Dessa forma, a China deixa o Brasil assumir a liderança da resistência contra metas, embora suas situações sejam inteiramente distintas. No caso do Brasil, metas de emissão não representam sacrifício algum. Zerar o desmatamento da Amazônia não é sacrifício, é obrigação. Outro dia a imprensa noticiou que Thelma Krug, a recém-nomeada secretária de Mudanças Climáticas do Ministério do Meio Ambiente, teria perguntado à ministra Marina Silva até onde a redução do desmatamento da Amazônia poderia ir, sem sacrificar o desenvolvimento econômico. Sua pergunta teria ficado sem resposta. Fiquei espantado que nenhuma das duas saiba a resposta: até zero. Estancar o desmatamento que hoje é quase 100% ilegal, não sacrifica desenvolvimento algum. O desenvolvimento da Amazônia não pode depender de desmatamento ilegal e, na verdade, de desmatamento algum. Não é admissível que essa seja a qualidade de desenvolvimento que aspiramos.
Um sistema de governança em que a Arábia Saudita – um governo sem democracia, que existe para promover o enriquecimento de sua aristocracia com o comércio de petróleo – tenha poderes de veto na redação dos relatórios do IPCC, não vai muito longe.
Bush pode estar acertando por razões 100% erradas. Há uma considerável quantidade de politólogos, ambientalistas e especialistas que considera que o mecanismo da Convenção Quadro que replica as regras inoperantes da ONU não levará a um sistema de governança global do clima compatível com o desafio presente posto pelo ritmo e extensão da mudança climática.
Há aqueles que, legitimamente, se preocupam que uma iniciativa dessas escape das restrições necessárias embutidas nos tratados sob o guarda-chuva da ONU, que consideram a única forma de garantir accountability (responsabilidade e prestação contas) aos acordos. Mas a OMC e a Comissão Internacional da Baleia mostram que é possível mecanismos funcionais e compulsórios, obedecidos pelos signatários, fora do quadro desgastado das Nações Unidas. Além disso, nada impede que um acordo mais limitado seja, depois, adotado pela Convenção do Clima e incorporado a um Protocolo que substitua o Protocolo de Kyoto, que perderá vigência em 2012.
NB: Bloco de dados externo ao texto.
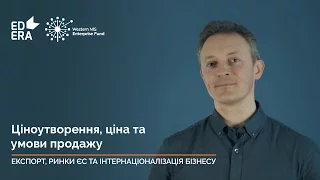 1.5. Ціноутворення, ціна та умови продажу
A questão crucial é o tempo. As decisões finais, programadas para 2012 já se darão fora do alcance da influência de Bush. Mesmo que o estágio inicial de sua iniciativa desvie esses países do objetivo de se obter uma solução para o pós-Kyoto, o fato é que em 2009 e 2010, esse grupo poderia redefinir sua trajetória e chegar a um resultado mais rápido e mais eficaz do que os que se têm obtido nas sucessivas COPs (as reuniões das partes signatárias da Convenção do Clima). As últimas COPS todas terminaram em impasse.
Seria preferível que se pudesse romper esse impasse do clima sem a ajuda dos erros de Bush. Mas como os Estados Unidos são o maior emissor e sem seu concurso nenhum acordo funcionará, tudo indica que esse atalho que ele imaginou para escapar de compromissos, pode acabar levando a um acordo que institua uma efetiva governança global do clima. Não é certo que as coisas acontecerão desta forma. Mas também não é certo, que elas caminhem como Bush quer.